> [REQUIRED WORK]: Every line in the entries where "Jacket" is found should be copied.

____

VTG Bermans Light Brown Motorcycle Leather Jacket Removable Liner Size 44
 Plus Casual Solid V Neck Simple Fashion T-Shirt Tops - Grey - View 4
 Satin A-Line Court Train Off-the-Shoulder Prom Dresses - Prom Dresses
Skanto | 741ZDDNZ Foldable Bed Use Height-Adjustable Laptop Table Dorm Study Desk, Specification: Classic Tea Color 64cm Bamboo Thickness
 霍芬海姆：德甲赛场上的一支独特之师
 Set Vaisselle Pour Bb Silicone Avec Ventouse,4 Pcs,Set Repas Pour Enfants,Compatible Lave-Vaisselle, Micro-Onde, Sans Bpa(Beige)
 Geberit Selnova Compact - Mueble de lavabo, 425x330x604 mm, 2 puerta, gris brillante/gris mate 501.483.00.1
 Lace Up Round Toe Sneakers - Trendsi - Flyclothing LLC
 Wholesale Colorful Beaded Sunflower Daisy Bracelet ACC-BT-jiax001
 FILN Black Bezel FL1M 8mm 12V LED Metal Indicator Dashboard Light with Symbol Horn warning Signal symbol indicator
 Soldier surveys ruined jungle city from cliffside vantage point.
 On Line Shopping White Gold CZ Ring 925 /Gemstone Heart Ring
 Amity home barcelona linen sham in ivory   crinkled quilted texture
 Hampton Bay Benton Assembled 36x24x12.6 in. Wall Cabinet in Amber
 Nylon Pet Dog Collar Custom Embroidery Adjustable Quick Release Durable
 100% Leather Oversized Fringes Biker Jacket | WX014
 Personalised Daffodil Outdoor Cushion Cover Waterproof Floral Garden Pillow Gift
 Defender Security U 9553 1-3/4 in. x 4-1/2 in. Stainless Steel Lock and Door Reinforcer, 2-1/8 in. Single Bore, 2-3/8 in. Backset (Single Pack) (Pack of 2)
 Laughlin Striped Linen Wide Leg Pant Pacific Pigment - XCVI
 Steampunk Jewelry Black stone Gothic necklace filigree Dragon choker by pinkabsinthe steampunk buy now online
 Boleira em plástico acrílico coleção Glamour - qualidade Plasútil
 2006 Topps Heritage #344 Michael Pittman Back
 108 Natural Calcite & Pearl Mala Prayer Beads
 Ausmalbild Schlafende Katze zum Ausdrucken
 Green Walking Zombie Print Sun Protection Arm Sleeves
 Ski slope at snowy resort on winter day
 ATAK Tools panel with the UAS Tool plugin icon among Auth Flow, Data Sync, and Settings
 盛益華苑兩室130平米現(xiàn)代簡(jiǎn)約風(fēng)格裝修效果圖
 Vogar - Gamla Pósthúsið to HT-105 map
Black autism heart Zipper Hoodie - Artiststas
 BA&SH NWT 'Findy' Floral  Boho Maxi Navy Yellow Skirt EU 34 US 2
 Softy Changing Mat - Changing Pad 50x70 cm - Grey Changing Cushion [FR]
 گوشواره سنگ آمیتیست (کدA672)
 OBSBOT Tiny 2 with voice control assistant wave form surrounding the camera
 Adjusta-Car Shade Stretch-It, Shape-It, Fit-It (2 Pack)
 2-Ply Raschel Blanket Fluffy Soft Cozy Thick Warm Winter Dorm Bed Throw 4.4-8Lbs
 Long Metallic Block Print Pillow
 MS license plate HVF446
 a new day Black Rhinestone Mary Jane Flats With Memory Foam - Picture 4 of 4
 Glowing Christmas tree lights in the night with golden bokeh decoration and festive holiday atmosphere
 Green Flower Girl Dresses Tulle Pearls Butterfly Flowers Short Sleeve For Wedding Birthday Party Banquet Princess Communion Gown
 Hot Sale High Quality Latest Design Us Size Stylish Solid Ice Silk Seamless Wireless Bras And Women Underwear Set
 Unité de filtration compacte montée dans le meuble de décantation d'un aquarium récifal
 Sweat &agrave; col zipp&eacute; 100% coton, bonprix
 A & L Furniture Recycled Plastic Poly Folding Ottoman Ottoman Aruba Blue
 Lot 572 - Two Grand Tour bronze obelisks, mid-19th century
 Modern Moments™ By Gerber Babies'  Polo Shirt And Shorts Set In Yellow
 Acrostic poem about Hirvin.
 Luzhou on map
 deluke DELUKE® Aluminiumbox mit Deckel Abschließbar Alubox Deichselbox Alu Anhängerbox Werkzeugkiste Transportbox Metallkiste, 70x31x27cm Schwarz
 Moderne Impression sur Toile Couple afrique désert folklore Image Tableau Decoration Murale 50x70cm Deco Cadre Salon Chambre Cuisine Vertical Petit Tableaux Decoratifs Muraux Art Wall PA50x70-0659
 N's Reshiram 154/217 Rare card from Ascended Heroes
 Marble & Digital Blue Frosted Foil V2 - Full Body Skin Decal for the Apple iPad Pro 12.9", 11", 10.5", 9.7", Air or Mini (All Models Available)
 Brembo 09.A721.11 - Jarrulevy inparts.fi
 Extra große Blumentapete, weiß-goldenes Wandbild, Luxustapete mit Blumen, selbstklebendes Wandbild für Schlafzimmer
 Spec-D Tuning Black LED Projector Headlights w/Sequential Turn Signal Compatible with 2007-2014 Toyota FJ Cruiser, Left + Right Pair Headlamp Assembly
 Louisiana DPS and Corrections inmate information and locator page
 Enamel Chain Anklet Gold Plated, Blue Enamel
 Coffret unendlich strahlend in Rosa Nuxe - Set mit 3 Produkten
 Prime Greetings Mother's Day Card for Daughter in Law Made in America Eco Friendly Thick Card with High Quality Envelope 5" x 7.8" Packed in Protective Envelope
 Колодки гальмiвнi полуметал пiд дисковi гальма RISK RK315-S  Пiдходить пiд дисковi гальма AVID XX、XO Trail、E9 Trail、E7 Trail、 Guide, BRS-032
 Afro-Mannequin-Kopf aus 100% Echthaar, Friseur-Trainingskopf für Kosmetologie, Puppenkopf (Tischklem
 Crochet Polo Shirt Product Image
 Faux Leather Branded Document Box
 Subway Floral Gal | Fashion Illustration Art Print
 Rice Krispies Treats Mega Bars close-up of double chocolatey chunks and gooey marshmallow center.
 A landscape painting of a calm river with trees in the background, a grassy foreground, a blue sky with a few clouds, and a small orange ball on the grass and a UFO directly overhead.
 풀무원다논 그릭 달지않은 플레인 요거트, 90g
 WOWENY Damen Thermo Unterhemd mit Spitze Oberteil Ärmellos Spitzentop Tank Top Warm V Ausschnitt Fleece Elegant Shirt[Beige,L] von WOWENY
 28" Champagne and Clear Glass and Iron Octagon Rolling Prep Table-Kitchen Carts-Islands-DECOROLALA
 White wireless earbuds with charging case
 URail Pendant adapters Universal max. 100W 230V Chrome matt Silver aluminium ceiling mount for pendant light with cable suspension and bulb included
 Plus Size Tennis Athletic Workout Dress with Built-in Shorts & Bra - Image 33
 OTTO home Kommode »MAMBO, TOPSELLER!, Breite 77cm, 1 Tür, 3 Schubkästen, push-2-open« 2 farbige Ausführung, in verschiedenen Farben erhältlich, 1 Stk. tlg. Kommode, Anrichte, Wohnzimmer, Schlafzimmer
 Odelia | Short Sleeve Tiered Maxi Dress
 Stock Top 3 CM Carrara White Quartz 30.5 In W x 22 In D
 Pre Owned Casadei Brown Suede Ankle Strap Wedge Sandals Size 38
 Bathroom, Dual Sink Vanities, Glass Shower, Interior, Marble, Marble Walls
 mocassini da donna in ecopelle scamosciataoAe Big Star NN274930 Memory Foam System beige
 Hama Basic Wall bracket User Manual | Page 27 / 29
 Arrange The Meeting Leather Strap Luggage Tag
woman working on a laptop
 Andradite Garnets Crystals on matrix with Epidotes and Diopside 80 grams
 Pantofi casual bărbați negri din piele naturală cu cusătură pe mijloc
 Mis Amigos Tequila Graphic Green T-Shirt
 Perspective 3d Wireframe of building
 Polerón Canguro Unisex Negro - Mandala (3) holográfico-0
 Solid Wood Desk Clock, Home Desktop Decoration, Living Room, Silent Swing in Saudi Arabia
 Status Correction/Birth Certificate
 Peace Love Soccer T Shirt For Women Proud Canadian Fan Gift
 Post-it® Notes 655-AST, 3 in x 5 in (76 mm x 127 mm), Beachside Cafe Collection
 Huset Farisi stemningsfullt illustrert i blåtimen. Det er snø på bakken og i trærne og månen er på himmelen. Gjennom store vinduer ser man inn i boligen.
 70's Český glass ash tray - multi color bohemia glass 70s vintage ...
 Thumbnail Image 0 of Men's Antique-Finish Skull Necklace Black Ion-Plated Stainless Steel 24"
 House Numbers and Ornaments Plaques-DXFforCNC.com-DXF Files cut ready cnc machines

____

> [ANSWER TO THIS EXERCISE]:
VTG Bermans Light Brown Motorcycle Leather Jacket Removable Liner Size 44
 100% Leather Oversized Fringes Biker Jacket | WX014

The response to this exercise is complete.